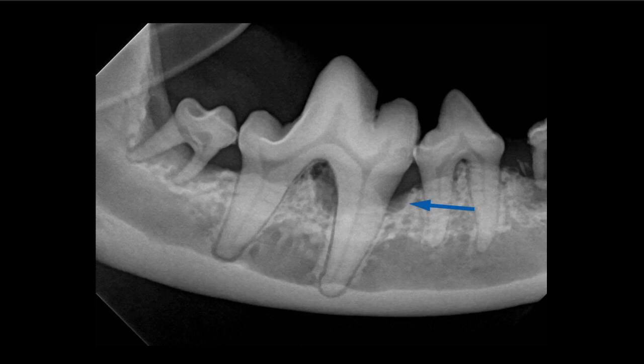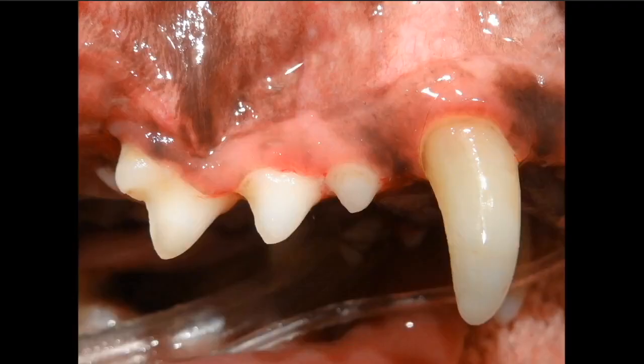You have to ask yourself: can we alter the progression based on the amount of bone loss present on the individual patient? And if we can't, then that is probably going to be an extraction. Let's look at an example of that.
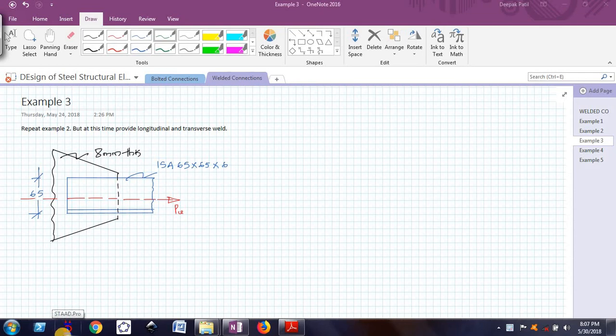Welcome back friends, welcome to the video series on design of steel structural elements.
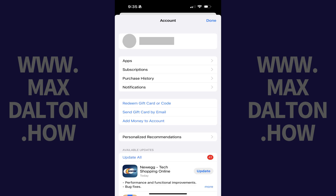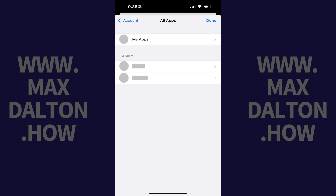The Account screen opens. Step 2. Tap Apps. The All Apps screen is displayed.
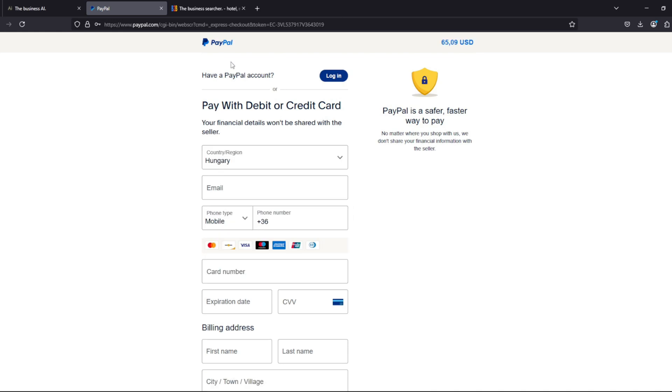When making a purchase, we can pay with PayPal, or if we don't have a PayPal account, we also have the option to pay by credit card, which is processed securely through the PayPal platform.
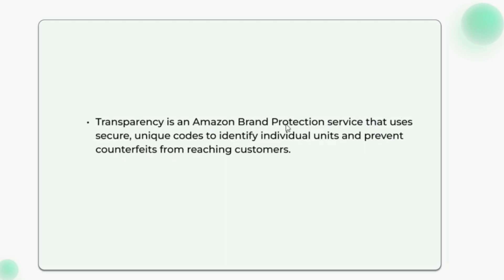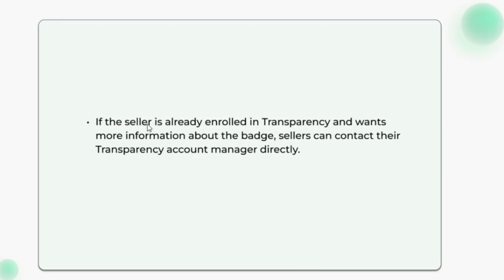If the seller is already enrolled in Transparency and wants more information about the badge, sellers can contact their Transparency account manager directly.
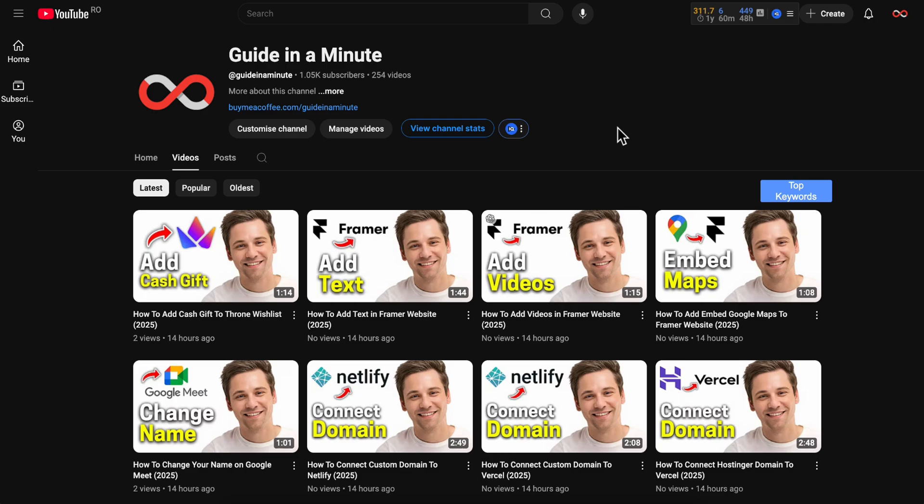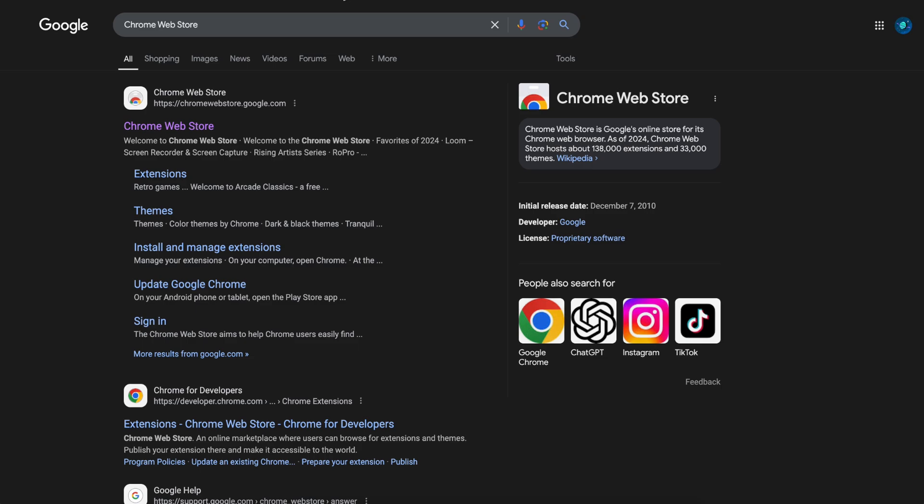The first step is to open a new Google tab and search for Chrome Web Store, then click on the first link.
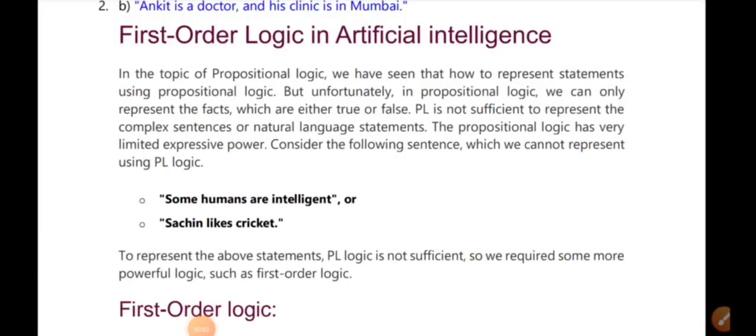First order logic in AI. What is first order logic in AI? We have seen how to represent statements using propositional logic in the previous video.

==

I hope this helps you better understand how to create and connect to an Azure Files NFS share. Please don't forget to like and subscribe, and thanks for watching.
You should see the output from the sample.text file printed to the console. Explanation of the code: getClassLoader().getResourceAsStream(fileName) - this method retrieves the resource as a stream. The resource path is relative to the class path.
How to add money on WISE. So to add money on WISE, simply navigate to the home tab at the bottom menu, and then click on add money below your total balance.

● **EXERCISE**: Range to copy from the records above: the line containing "You have to" to the line containing "The Account screen", both included. Output those lines exactly and only those, skipping pictures.

● **RESULT OF THE TASK**:
You have to ask yourself: can we alter the progression based on the amount of bone loss present on the individual patient? And if we can't, then that is probably going to be an extraction. Let's look at an example of that.
Welcome back friends, welcome to the video series on design of steel structural elements.
The Account screen opens. Step 2. Tap Apps. The All Apps screen is displayed.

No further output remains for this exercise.